Investment firm Arcapita Bank BSC filed a Chapter 11 petition for bankruptcy court protection in Manhattan on Monday.
This story first appeared in the March 21, 2012 issue of WWD. Subscribe Today.
Five affiliated debtors, including Arcapita Investment Holdings Ltd., also filed petitions for bankruptcy court protection. Arcapita has assets of $3.06 billion and liabilities of $2.55 billion.
The Central Bank of Bahrain, owed $225.1 million on a bank loan, is Arcapita’s largest unsecured creditor. Germany’s Commerzbank is the second-largest unsecured creditor at $164.7 million. Others owed money for loans include banks from Bahrain, Belgium, Cayman Islands, London, Saudi Arabia and the United Arab Emirates.
Arcapita was founded in 1996 as First Islamic Investment Bank, and is an Islamic wholesale bank owned by the Central Bank of Bahrain. Arcapita Inc., a U.S. subsidiary, was formerly known as Crescent Investments and invests in American firms for between $200 million and $1 billion. The investments are then sold on average five years later.
The Manama, Bahrain-based firm includes among its consumer-branded holdings women’s apparel retailer J. Jill and Bijoux Terner, an accessories retailer at airports, hotels and cruise ships. Former investments in the consumer sphere include Church’s Chicken, coffeehouse chain Caribou Coffee and women’s apparel off-price chain Loehmann’s. The debtor manages about $7.4 billion in assets, which include real estate holdings and firms in Europe and Asia, in addition to those in the U.S., according to court papers.
None of Arcapita’s operating subsidiaries nor its portfolio firms are parties to the filing.
In a statement filed with the bankruptcy court, Henry A. Thompson, executive director, head of legal, at Arcapita Bank, said, “Like virtually all private equity institutions and investment banks, the debtors have been adversely impacted by the global economic downturn, and have been especially hard hit by the recent debt crisis in the euro zone.
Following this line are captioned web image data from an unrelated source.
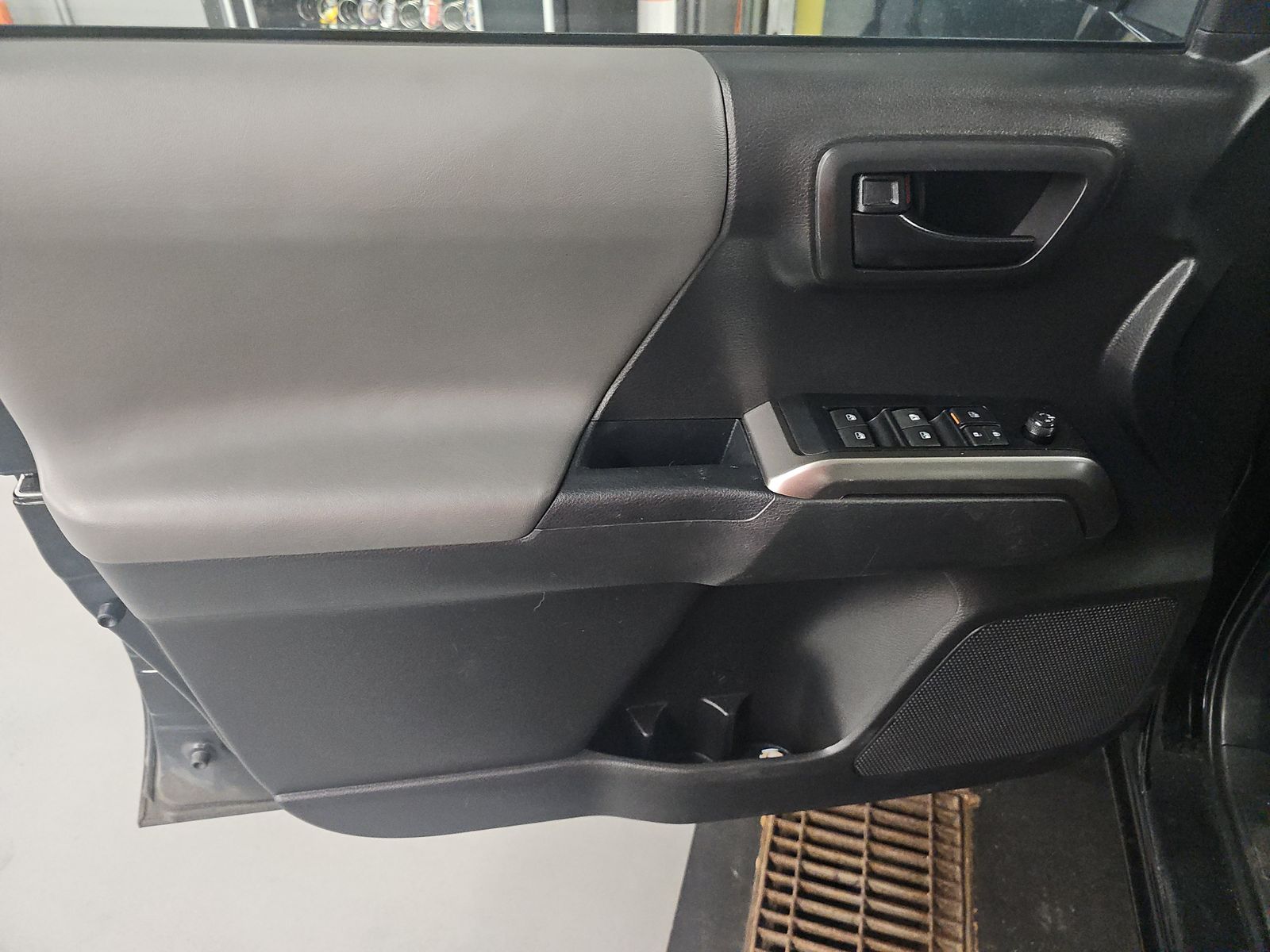 2022 Toyota Tacoma SR5 AWD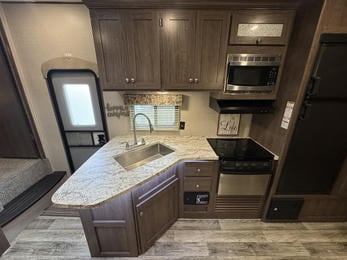 2018 Hideout 281DBS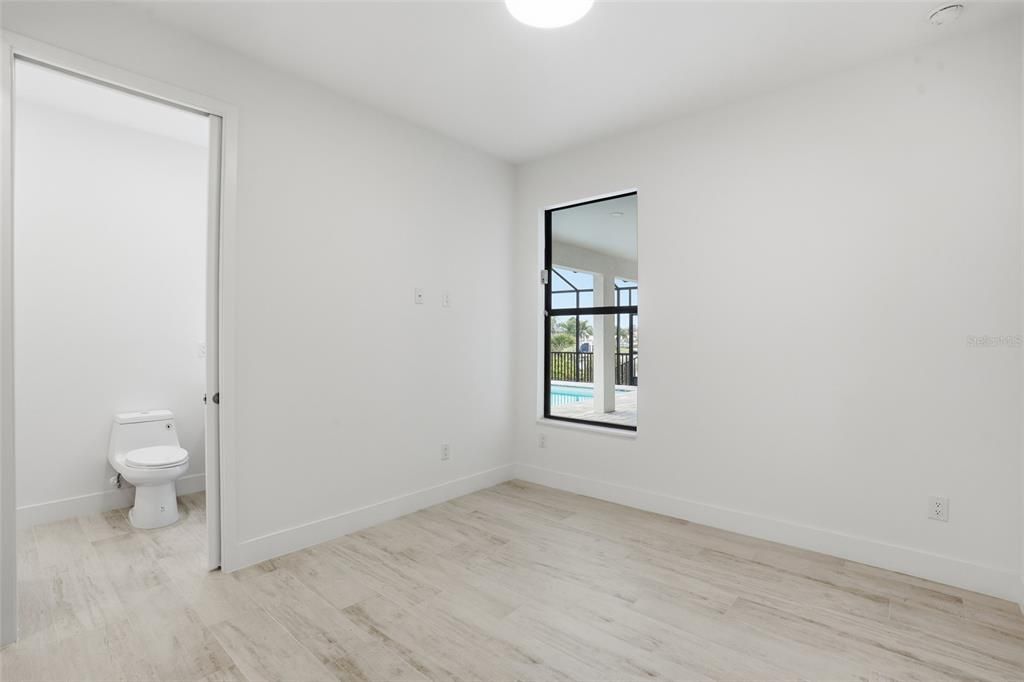 For Sale: $750,000 (4 beds, 3 baths, 1894 Square Feet)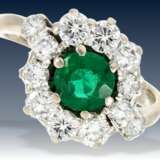 Ring: klassischer vintage Smaragd/Brillant-Blütenring, 1,12ct Brillanten - photo 1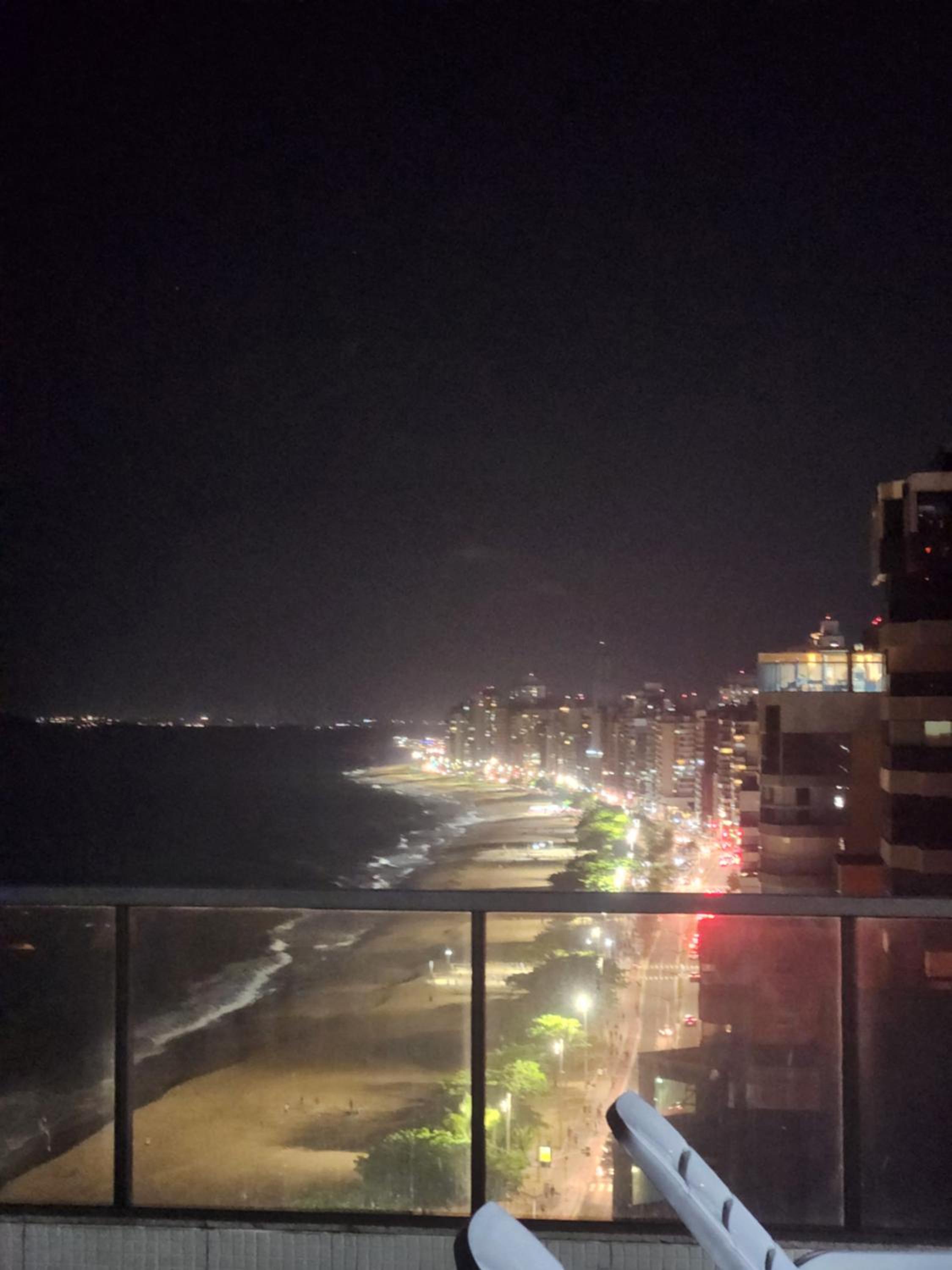 Frente para Praia
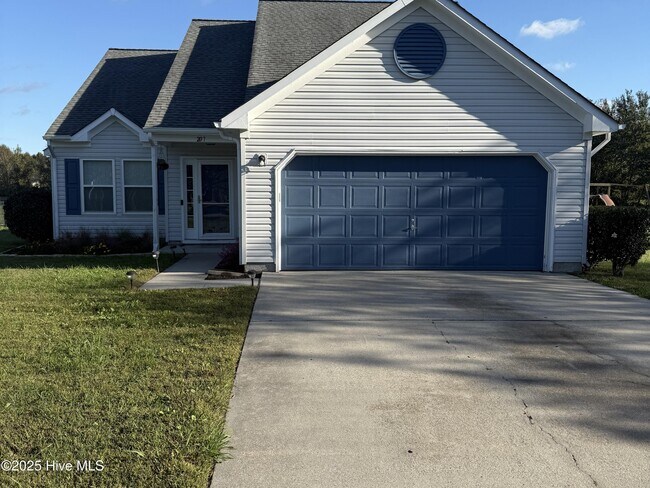 Photo - 207 Eagle Creek Rd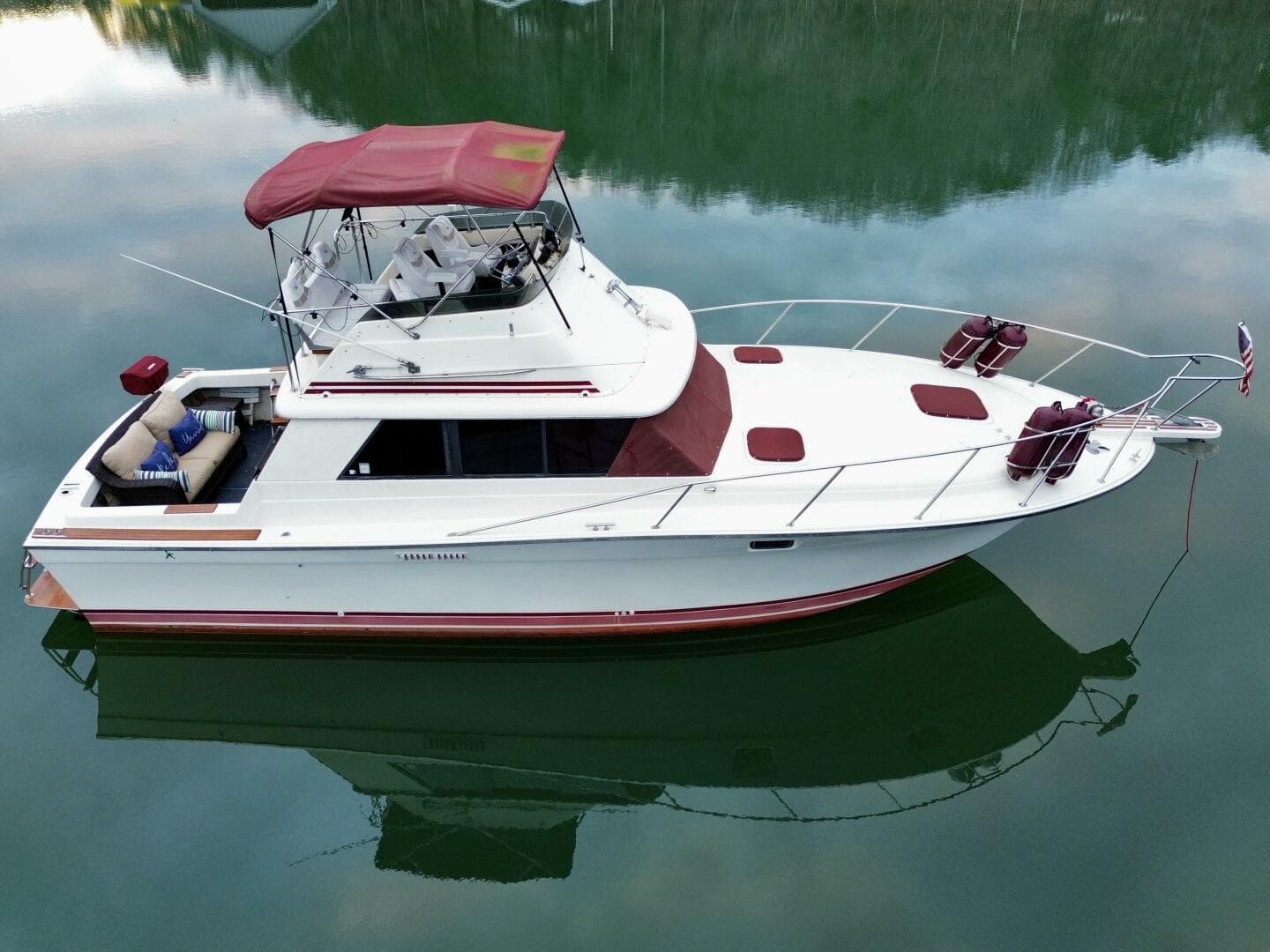 1979 Silverton 34 Convertible — photo 4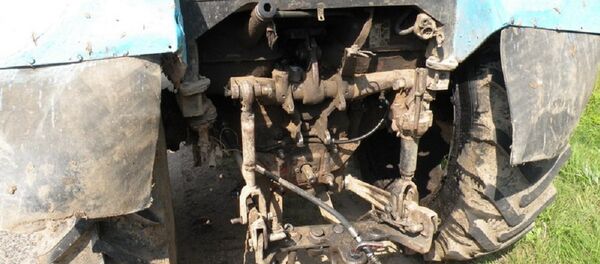 Сцепка трактора Беларус - Sputnik Беларусь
This global recession has hampered the debtors’ ability to obtain liquidity from the capital markets, and has also resulted in a reduction in asset values…”
The company had been in talks with principal lenders to restructure a $1.1 billion debt that was due on March 28, but certain hedge funds who own the debt had blocked the discussions, according to court documents.